# Private Plow Truck is Down. DIY'er needs help



## beezil (Dec 1, 2005)

Some angry woman in a suburu took out my plow truck a couple weeks ago.....

so, no plow truck. 

I don't operate a snow removal business, I have my own plow to clear snow from my business property which includes two private dead-end streets and 10 inclined truck docks. 

If anyone is out-and-about on the the side of chicago, comiskey park/bridgeport area, and looking to pick up a non-contract "quick and dirty",
please call em at the shop:

ask for Bj 773-927-5700 currently 7:30am monday, dec 13th. 

thanks!


----------



## GripTruk (Dec 1, 2003)

If you are still in this position you'd be wise to re-post a new topic with your geographic region in the title so people bother looking. 

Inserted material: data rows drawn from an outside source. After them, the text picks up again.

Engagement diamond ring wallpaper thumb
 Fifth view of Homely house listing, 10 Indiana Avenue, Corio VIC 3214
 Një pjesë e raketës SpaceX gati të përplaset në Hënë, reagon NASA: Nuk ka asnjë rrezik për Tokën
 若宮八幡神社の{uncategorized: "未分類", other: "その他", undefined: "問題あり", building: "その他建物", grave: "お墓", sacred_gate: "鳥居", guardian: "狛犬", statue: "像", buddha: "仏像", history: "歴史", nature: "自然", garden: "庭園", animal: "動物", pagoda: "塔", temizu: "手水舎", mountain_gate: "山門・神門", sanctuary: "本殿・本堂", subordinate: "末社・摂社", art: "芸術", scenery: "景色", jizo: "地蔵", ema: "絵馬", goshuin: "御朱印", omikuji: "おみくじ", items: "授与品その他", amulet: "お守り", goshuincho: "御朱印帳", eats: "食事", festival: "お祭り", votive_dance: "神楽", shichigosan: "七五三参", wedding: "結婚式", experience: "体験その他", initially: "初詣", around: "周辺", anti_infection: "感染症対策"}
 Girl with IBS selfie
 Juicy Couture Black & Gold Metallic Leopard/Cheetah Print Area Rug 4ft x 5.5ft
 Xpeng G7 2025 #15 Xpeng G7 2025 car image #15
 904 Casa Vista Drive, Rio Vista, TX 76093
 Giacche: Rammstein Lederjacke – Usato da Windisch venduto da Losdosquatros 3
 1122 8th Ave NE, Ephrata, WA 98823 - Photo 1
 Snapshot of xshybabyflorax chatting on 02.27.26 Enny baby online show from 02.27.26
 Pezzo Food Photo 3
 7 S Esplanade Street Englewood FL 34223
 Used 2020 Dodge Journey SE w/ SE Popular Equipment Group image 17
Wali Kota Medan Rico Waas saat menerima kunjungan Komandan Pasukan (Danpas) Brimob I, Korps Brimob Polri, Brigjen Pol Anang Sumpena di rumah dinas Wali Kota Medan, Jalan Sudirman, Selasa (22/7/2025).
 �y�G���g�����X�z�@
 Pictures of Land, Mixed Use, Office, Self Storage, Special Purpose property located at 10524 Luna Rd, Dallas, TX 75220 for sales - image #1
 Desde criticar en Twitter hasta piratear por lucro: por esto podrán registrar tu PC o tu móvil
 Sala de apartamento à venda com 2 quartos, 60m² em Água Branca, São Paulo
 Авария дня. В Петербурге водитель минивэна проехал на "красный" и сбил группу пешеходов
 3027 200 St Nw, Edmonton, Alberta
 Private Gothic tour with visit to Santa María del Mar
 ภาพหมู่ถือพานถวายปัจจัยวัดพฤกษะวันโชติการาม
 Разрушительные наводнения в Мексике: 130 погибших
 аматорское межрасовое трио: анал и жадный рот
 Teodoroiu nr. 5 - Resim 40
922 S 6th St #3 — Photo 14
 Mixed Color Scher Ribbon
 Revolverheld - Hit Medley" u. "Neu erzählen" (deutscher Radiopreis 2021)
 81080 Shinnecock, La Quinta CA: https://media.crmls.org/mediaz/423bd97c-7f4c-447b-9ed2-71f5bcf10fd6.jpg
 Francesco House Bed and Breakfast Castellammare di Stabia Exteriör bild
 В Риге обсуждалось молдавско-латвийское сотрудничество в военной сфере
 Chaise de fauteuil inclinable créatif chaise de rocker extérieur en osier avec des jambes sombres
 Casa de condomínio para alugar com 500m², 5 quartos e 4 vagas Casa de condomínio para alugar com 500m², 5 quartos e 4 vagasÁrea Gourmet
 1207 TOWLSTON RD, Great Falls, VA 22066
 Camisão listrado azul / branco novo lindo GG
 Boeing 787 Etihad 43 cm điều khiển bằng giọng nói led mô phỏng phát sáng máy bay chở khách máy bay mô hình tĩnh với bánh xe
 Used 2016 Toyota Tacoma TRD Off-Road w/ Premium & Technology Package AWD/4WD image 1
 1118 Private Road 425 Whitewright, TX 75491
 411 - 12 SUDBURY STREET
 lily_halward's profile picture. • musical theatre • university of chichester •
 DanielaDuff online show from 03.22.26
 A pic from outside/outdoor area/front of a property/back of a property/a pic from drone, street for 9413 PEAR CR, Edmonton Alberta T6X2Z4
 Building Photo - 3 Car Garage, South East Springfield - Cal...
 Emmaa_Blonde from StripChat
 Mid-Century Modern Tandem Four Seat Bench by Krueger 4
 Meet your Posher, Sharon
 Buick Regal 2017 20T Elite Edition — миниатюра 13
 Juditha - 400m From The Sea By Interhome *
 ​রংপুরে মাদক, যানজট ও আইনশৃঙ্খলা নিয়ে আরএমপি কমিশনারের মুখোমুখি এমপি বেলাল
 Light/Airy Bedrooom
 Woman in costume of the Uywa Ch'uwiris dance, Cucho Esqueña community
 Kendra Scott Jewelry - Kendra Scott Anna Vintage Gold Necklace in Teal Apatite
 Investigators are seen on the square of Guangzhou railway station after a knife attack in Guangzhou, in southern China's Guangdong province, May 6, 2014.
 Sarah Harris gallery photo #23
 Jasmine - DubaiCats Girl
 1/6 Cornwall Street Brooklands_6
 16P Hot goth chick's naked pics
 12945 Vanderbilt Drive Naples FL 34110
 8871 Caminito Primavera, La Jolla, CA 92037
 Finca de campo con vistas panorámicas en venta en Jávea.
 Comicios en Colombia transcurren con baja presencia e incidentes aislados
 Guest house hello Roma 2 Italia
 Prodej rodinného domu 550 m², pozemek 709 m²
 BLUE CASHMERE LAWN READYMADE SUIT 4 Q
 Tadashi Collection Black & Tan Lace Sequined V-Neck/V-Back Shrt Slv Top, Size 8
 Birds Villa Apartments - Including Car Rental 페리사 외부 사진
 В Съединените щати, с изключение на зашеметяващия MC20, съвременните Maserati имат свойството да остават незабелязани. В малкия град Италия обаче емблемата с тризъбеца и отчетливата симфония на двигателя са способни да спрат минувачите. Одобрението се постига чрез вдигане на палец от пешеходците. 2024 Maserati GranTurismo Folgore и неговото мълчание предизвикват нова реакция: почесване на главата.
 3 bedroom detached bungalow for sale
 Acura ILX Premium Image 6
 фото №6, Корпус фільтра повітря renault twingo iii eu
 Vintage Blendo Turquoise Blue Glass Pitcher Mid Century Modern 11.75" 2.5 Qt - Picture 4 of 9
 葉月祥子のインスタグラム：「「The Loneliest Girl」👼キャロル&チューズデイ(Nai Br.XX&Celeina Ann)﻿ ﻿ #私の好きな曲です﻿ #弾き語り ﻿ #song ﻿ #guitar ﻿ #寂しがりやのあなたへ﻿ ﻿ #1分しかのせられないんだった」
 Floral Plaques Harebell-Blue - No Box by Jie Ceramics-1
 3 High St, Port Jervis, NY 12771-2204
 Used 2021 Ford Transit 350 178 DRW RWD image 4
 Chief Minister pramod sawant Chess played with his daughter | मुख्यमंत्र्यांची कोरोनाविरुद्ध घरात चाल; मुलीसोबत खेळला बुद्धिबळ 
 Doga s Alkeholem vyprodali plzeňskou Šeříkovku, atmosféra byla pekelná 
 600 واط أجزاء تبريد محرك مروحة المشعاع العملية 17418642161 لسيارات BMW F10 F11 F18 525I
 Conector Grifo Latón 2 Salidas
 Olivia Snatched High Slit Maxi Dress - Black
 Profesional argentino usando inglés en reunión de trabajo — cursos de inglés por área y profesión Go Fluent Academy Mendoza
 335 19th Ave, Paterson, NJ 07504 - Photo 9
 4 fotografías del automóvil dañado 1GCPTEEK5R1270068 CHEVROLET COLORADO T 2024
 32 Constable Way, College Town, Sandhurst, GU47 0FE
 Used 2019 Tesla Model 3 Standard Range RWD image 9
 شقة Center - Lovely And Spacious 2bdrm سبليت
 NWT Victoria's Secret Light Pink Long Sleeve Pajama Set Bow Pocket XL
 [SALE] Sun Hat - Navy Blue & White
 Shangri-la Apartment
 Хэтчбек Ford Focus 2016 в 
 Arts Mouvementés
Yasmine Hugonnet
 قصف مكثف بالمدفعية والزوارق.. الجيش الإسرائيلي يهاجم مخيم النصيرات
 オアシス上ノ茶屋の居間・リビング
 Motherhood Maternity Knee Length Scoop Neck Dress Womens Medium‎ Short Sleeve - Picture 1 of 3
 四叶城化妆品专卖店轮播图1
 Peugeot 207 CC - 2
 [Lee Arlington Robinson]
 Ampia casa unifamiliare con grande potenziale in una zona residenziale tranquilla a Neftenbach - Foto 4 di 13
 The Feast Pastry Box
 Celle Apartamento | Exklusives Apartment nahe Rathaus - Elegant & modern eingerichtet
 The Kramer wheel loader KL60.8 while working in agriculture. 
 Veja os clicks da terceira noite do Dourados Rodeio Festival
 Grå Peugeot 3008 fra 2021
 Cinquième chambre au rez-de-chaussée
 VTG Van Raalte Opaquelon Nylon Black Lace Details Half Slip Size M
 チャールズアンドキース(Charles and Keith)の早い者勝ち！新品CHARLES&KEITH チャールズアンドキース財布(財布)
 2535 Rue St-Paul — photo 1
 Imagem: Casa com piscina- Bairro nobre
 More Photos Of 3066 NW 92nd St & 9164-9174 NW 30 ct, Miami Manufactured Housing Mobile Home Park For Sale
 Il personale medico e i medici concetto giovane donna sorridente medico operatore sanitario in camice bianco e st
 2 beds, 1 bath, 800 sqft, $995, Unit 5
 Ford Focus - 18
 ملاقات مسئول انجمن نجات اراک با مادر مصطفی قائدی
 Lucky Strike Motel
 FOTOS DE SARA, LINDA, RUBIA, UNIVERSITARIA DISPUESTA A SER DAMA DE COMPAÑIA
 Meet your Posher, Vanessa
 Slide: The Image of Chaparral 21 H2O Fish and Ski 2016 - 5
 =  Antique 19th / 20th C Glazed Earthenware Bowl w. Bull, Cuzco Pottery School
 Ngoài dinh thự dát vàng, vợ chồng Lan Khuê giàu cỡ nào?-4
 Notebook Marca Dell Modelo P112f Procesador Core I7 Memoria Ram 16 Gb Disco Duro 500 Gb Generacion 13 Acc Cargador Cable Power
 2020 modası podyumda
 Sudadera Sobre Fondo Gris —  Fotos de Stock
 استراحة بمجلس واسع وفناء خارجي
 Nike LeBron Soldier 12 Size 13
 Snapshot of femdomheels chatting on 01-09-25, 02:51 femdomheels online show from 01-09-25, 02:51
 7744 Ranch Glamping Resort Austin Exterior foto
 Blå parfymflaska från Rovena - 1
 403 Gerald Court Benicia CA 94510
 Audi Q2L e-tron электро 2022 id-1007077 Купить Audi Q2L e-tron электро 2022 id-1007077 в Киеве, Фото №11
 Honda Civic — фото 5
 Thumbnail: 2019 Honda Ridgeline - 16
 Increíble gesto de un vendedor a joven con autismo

ie: Chicago - comiskey park/bridgeport sub needed

You'll probably have much better luck, speaking of which... good luck, and I hope your truck is back up and running soon!


----------



## SullivanSeptic (Nov 30, 2008)

Pm me the address and I will google map it to see. I am in that area and might be able to work something out


----------



## beezil (Dec 1, 2005)

thanks for the responses guys, 

got the truck back, after two months in the shop. Believe it or not, the woman's insurance company okay'd an entire frame replacement!

never heard that before, wish they would have just totaled it out. 

in any case, I am taking delivery of an f250 in a couple days, hopefully until then, this 1-4" they are calling for is more like 1" and not like 4"

if it turns out to be 4" I might need some help. 

google 1200 w 37th st. 60609

dead-end street to the south and north, and the lot west of the building along the river. 

otherwise, wishing a winter of nice $nowfall for the both of you.


----------



## R.J.S. SNOWPLOW (Dec 9, 2009)

I live near by give me a call 773 798. 0350 ask for joe


----------